Étant donné la lourdeur des peines encourues – une amende pouvant atteindre 300 000 euros et l'inscription au casier judiciaire –, il nous apparaît que le recours à la procédure de l'ordonnance pénale n'est pas adapté, car elle est beaucoup trop simplifiée, beaucoup trop rapide et n'offre pas assez de garanties à la défense.
La parole est à M. Jean-Yves Le Bouillonnec, pour soutenir l'amendement n° 626 .
D'après la loi, toutes les peines d'emprisonnement étaient, jusqu'à maintenant, exclues de l'ordonnance pénale. Cette procédure ne pouvait être utilisée que dans trois cas : « Peuvent être soumis à la procédure simplifiée […] :
« 1° Les délits prévus par le code de la route […] ;
« 2° Les délits en matière de réglementations relatives aux transports terrestres ;
« 3° Les délits prévus au titre […] du code de commerce pour lesquels une peine d'emprisonnement n'est pas encourue ».
Il était donc absolument impossible qu'une ordonnance pénale soit utilisée pour prononcer des peines d'emprisonnement. Vous introduisez cette possibilité avec ce texte. Sans doute répondrez-vous que le procureur n'est pas obligé d'y recourir. J'entends bien : il peut ne pas faire, mais il peut aussi faire, et s'il fait, que se passe-t-il, s'il fait ? Le délit que vous avez constitué est passible d'une peine pouvant atteindre trois ans d'emprisonnement et 300 000 euros d'amende, ce qui ne peut pas entrer dans la case que vous avez choisie. Pour que leur intention soit bien claire, les rédacteurs du code de procédure pénale ont pris soin de dire que cette procédure particulière était « simplifiée » : pas de débats contradictoires, pas de parties au contentieux, une procédure écrite et une ordonnance notifiée.
La parole est à Mme Aurélie Filippetti, pour soutenir l'amendement n° 627 .

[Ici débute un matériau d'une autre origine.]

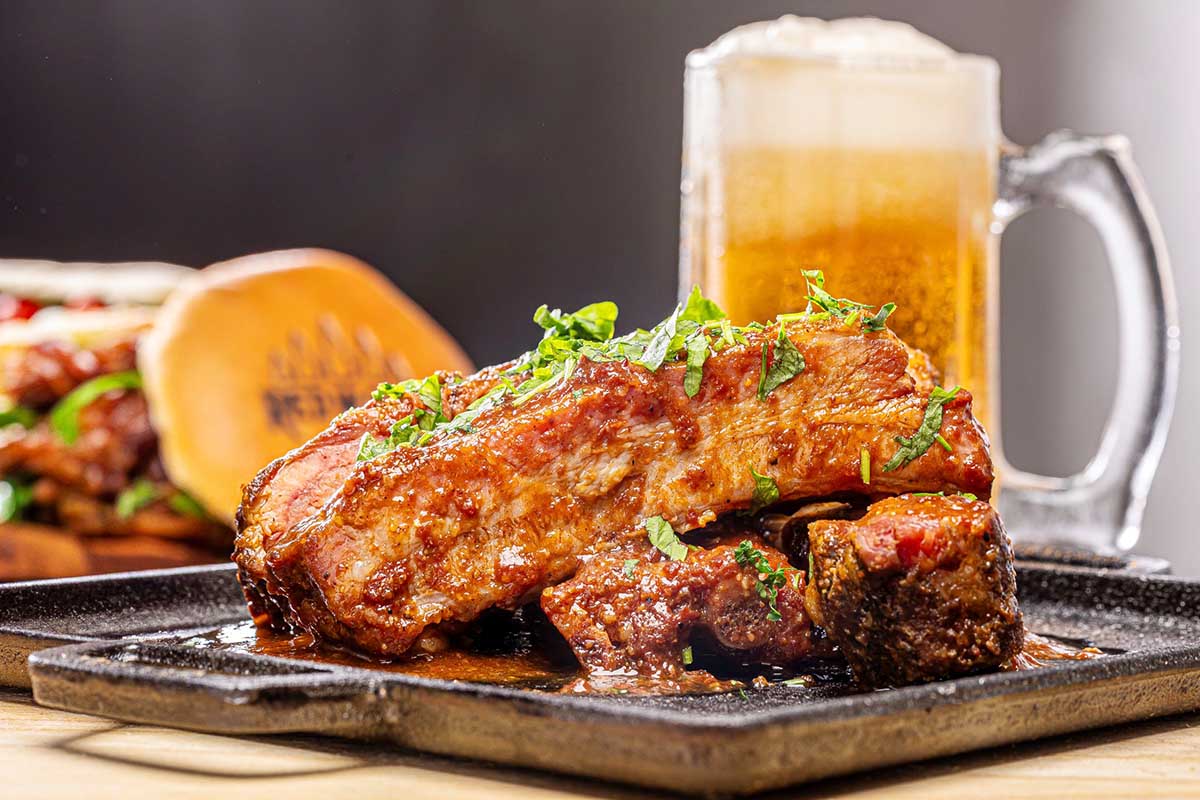 Redwood Burger & Grill celebra o Carnaval com chope em dobro em todo período de funcionamento Redwood Burger & Grill celebra o Carnaval com chope em dobro em todo período de funcionamento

Je voudrais insister sur la distinction qu'établit le projet de loi entre un délit de contrefaçon ordinaire, soumis à une procédure ordinaire, et un délit de contrefaçon numérique par voie électronique, susceptible de faire l'objet d'une ordonnance pénale, procédure écrite, non contradictoire, dans laquelle les droits de la défense ne sont pas respectés. Il y a là une véritable rupture d'égalité entre les citoyens : pourquoi prévoir deux procédures distinctes pour un même délit ? Jean-Yves Le Bouillonnec a rappelé que cette justice d'exception pouvait prononcer des peines allant jusqu'à trois ans d'emprisonnement et 300 000 euros d'amende.
La parole est à Mme Marylise Lebranchu, pour soutenir l'amendement n° 628 .

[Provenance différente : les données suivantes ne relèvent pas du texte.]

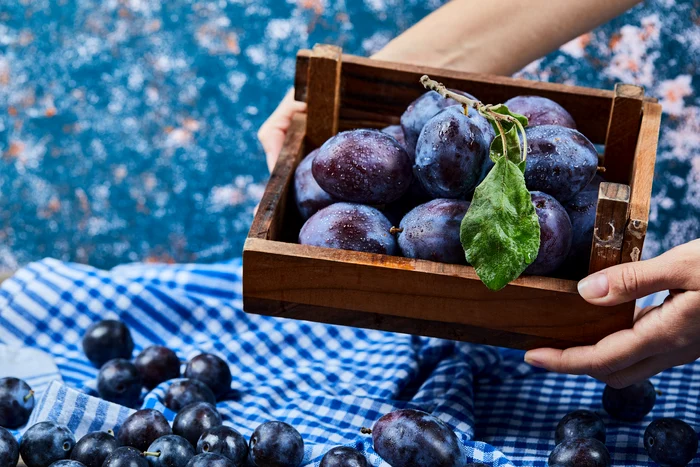 Plums are extremely healthy. Source: freepik.com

Vous nous avez expliqué, madame la garde des sceaux, que les faits seront établis avec certitude par les officiers de police judiciaire. Or vous – vous ou votre ministère – n'y croyez pas. Dans l'étude d'impact, vous estimez qu'il faudra cinq minutes au juge pour traiter une ordonnance pénale. Ce chiffre paraît sous-évalué. Le procureur, lui, aura un délai de dix jours. Vous considérez que, sur les 50 000 affaires prévues – pour plusieurs millions d'avertissement –, 10 000 passeront en procédure classique au tribunal correctionnel, du fait de leur complexité, et que, dans la moitié des 40 000 affaires restantes, il y aura opposition aux ordonnances rendues.

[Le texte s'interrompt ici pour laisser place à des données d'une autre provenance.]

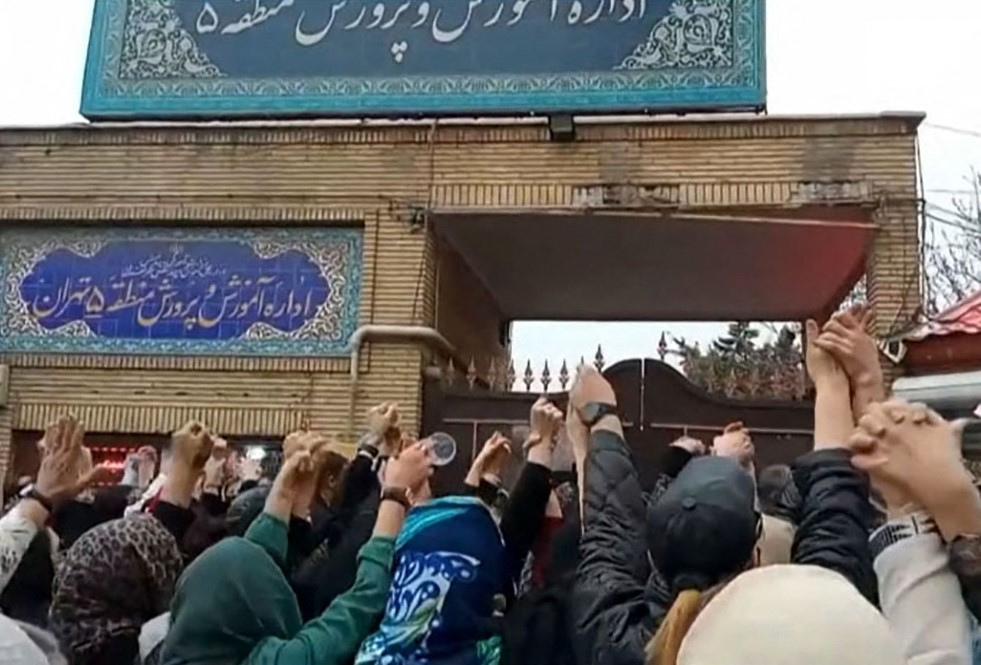 Protesto de iranianos em frente ao Ministério da Educação, em Teerã, após envenenamento de meninas nas escolas: líder promete punição exemplar (Foto: Anônimo /ESN / AFP)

Ce sont donc au moins 30 000 affaires qui iront en correctionnelle, selon une procédure non simplifiée.
Cette nouvelle me réjouit – pour une seule raison : cela va sauver tous les tribunaux qui devaient fermer. Aujourd'hui, en effet, les tribunaux traitent entre 500 000 et 550 000 affaires par an. D'après l'étude d'impact que vos services ont rédigée, le nouveau contentieux va donc représenter 7 % de l'ensemble du contentieux. Cette charge de travail supplémentaire ne manquera pas d'avoir des conséquences sur le traitement des autres affaires.
Ou bien cette étude d'impact a été faite trop vite et elle n'est pas sérieuse. Ou bien vos services ne croient pas à l'application de l'ordonnance pénale, du fait que l'article 1er ne permet pas d'établir les faits avec certitude et que les délais – cinq minutes pour le juge et dix jours pour le procureur – sont trop courts.
La parole est à Mme Monique Boulestin, pour soutenir l'amendement n° 629 .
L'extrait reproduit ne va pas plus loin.